I know that one can at least use variables for some of the parameters. But I don’t know how to apply this approach to features, as these are chosen through checkboxes in the Processor. Besides, I don’t really like the variable approach.
Thanks in advance!
Generally there are two types of ONE DATA model processors:
- “Advanced Methods” processors, like your GroupedForecastingProcessor
- “Train Model” & “Model Application” processors
The former train and apply the model directly on the training and test dataset and do not save the calculated models.
The latter do this in a two-step approach: With the “Train model” processor you can train a model and save it in ONE DATA (then also meta-informations like hyperparameters are saved with the model, which you can see in the Model section of ONE DATA). Afterwards with the “Model Application” processor you can load such a stored model and apply it to your testset.
Maybe for you it is worth a shot to have a look at this “Train Model” processor (you can even train multiple modeltypes in one go).
Your second question relating to dynamically selecting different kind of features (columns in your dataset) is not possible in stock ONE DATA as far as I know. However there would be a possible workaround with the ONE DATA API depending on your exact usecase.
I hope I shed a little bit light on the models in ONE DATA, if you have further questions or something is unclear just reach out to me
Technically, it is possible to read out the parameters that are set in the processor configuration.
Since the whole WF configuration is JSON based and can be obtained via REST API, there’s always a way to custom-taylor things to your needs. The effort might be quite high in this case (depending on the usability you want to achieve). If it’s just for having a parameter “history” regardless of the UX, then you can use the WF Jobs to get the corresponding WF version and for each execution the configuration of the processor as JSON and store it.

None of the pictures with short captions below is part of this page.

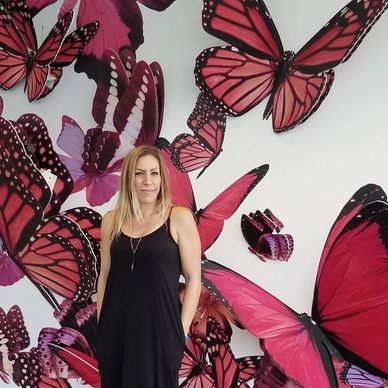 Artist and digital marketer Angie Clark standing in front of pink three dimensional butterfly wall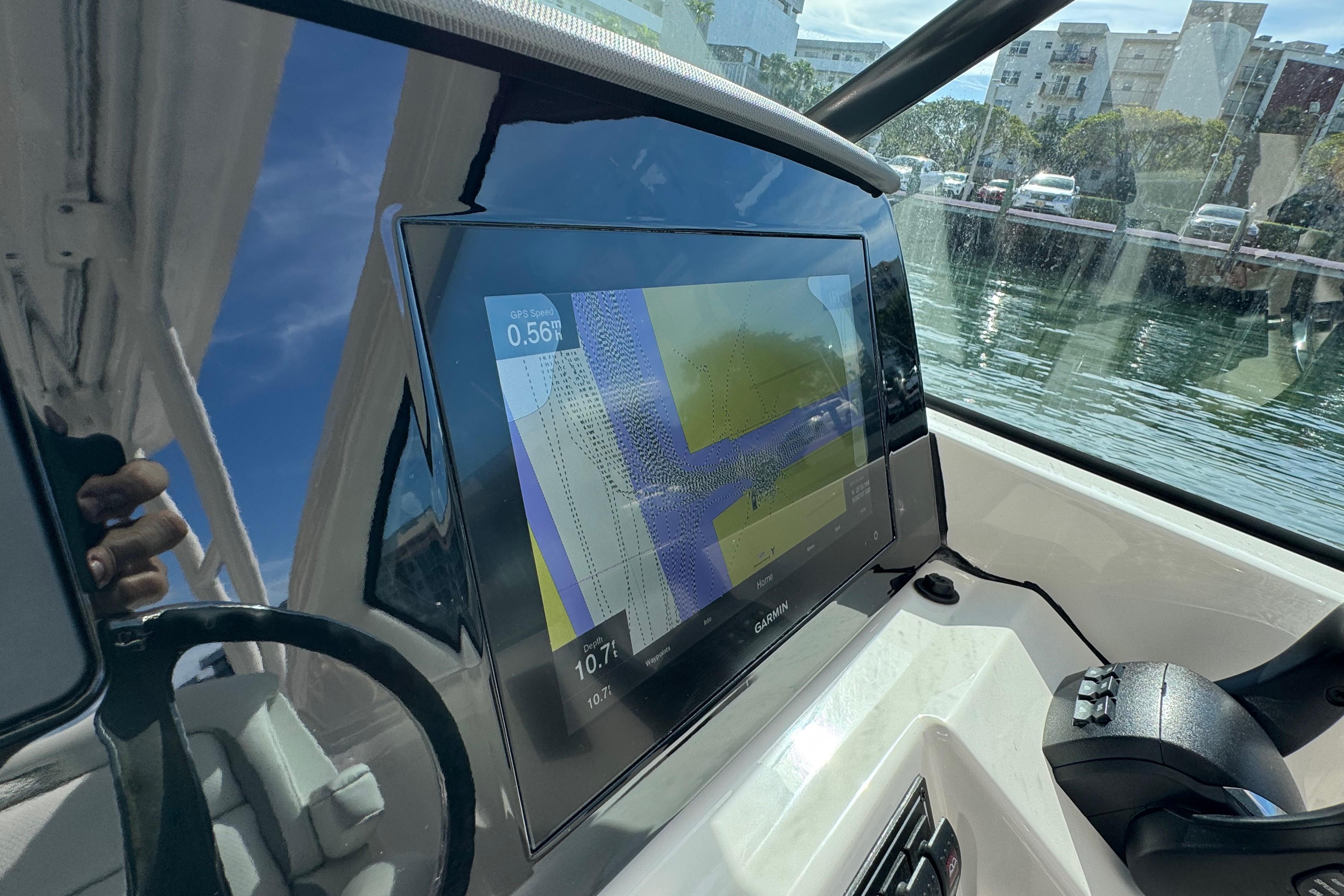 2022 Pursuit DC 266 Dual Console boat dashboard with Garmin navigation display.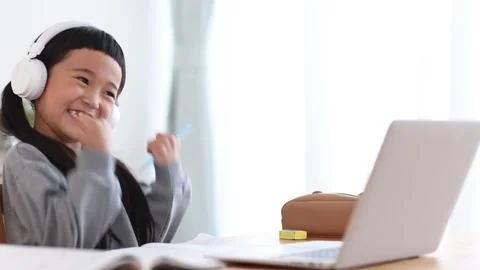 Girl Learning Online on a Computer Stock Footage 333352801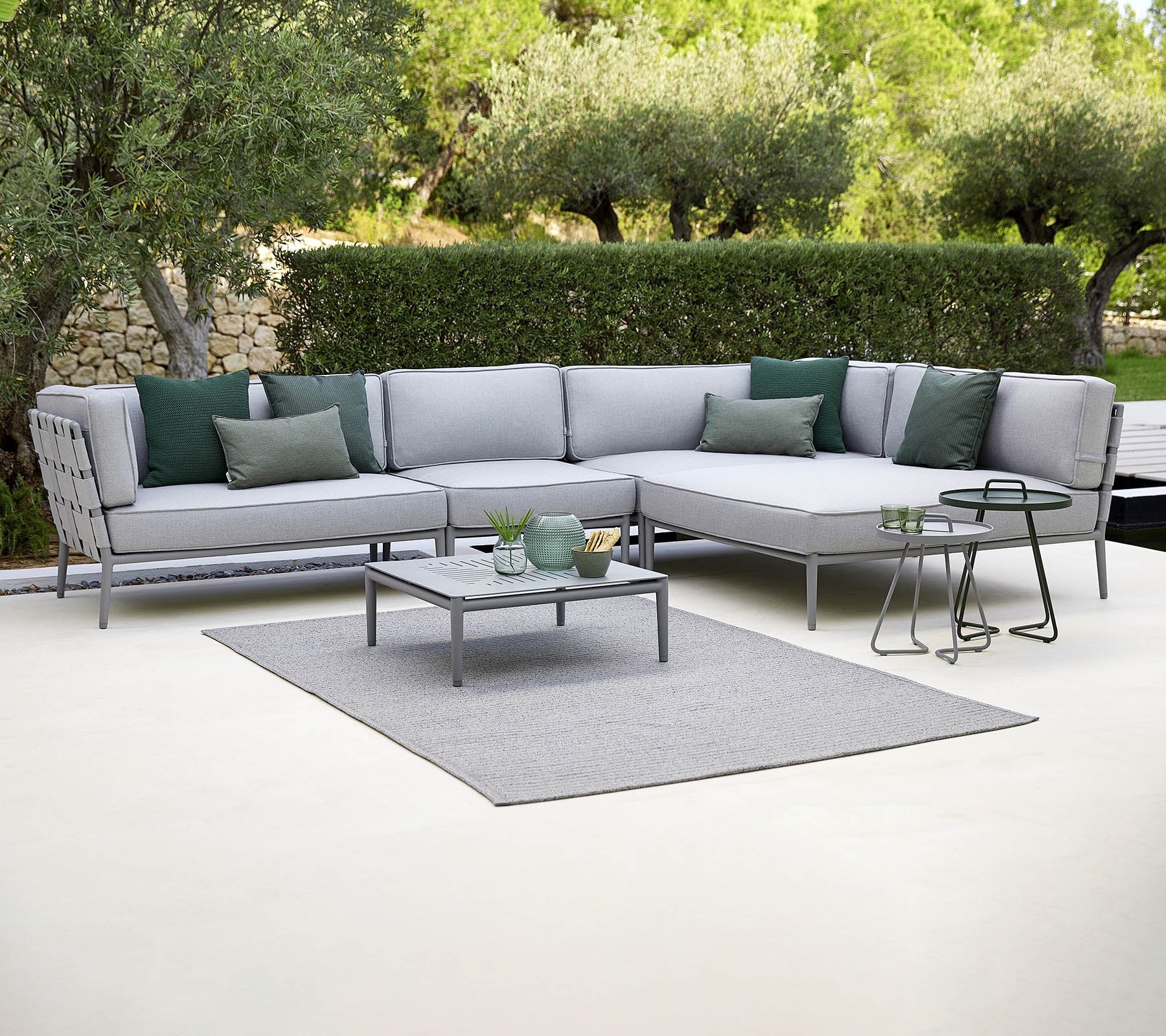 Sofá seccional exterior elegante con cojines verdes, una mesa de café y una alfombra, con un fondo de vegetación.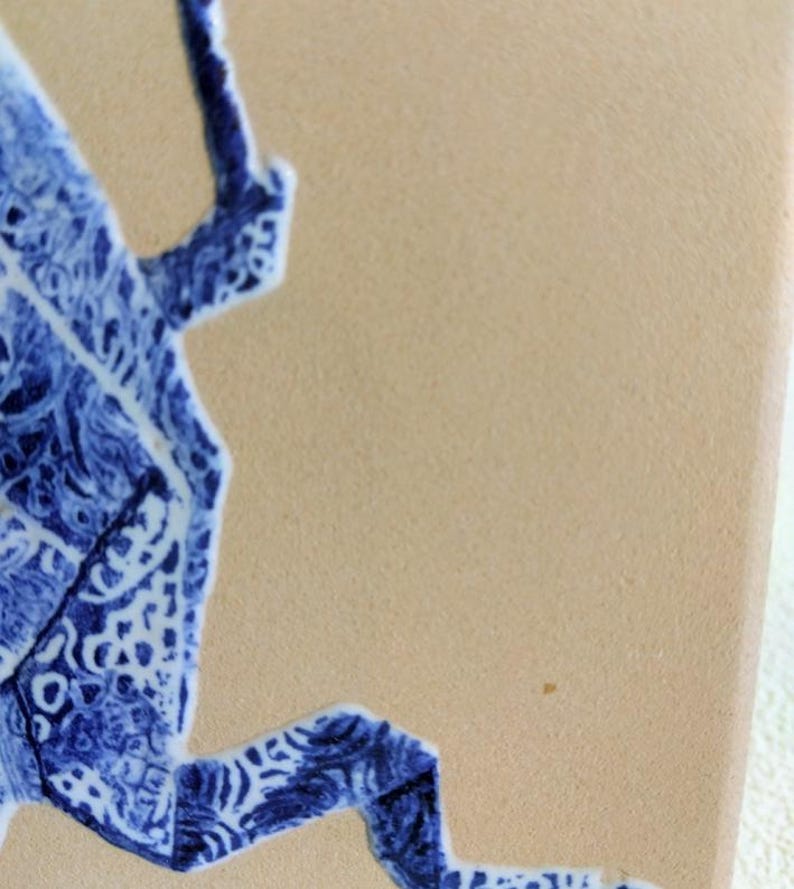 May include: Close-up of a ceramic tile with a blue and white decorative design. The design features a stylized, abstract shape with intricate patterns. The tile has a beige background.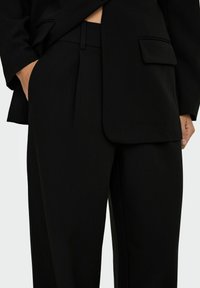 Pantalon noir cintré avec une texture lisse, présentant une coupe droite, des plis et une poche latérale. La ceinture est plate et discrète.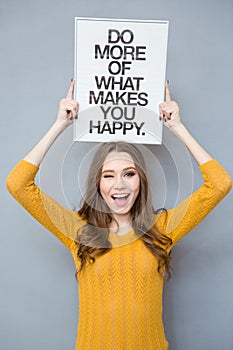 Woman holding board with text and winking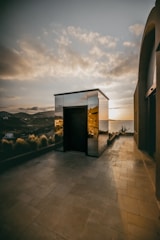 A sleek modern villa bathed in warm sunset light, highlighting its architectural details.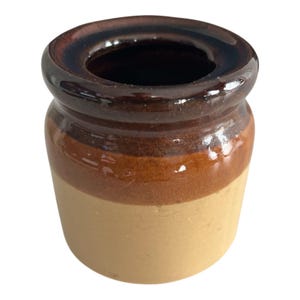 May include: A small, ceramic jar with a dark brown rim and interior. The jar has a light tan base, a medium brown band, and a darker brown band near the top. The jar is likely for storage or decoration.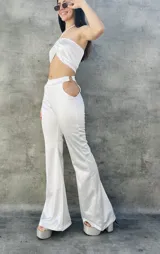 Pantalón blanco de tiro alto y corte acampanado, con aberturas circulares en los laterales de la cintura.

Don’t worry, the parameter history is preserved within the jobs and will wait for consumption by any script (or maybe even workflow?) you will at some point be able to throw at it.
Using our (currently internal) API documentation for ONE DATA Core/Classic is a good starting point.
I totally agree to the fact that we could use an integrated way of keeping track of certain configurations. Maybe, there’s a generic enough way to achieve your goal and you are able to share it with the community.
@Flogge @christoph.pernul Thank you for your responses. I was able to dig a bit in the API documentation and also got a nice intro to it. A nice UX does not play a big role at the moment. I mainly want to be able to compare forecast accuracy in context of the model parameters that I used. I’ll go ahead and make my first steps on API-land and will let you know, when I find something worth sharing.